### What is being asked
The output should contain the listing word for word and no pictures.

### Data provided
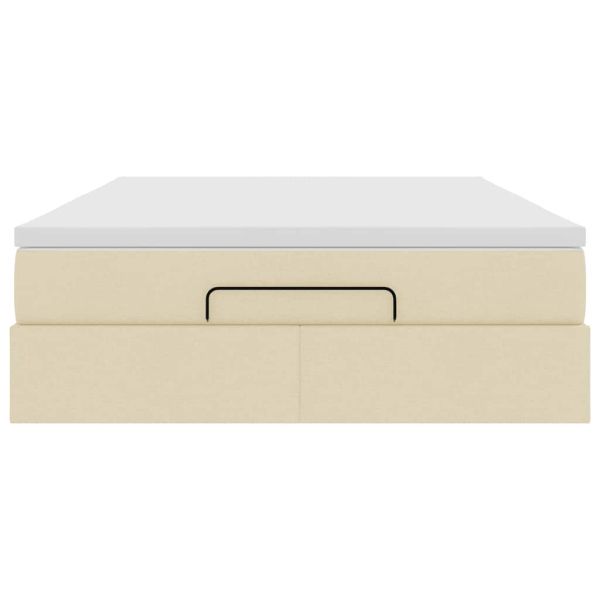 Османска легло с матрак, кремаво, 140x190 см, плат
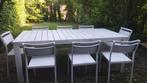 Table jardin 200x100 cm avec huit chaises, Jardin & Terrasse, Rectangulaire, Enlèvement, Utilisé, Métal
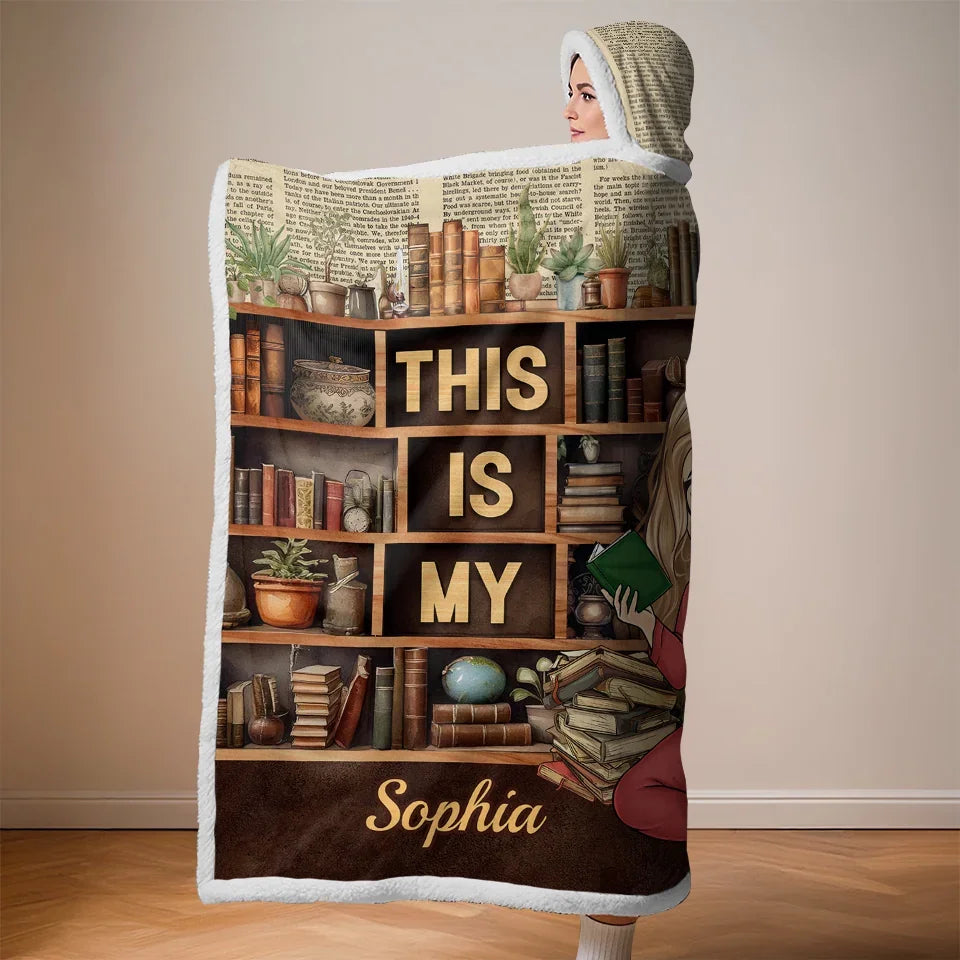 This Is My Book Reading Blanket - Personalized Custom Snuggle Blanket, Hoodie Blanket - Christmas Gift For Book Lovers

### Task result
 Османска легло с матрак, кремаво, 140x190 см, плат
 Table jardin 200x100 cm avec huit chaises, Jardin & Terrasse, Rectangulaire, Enlèvement, Utilisé, Métal
 This Is My Book Reading Blanket - Personalized Custom Snuggle Blanket, Hoodie Blanket - Christmas Gift For Book Lovers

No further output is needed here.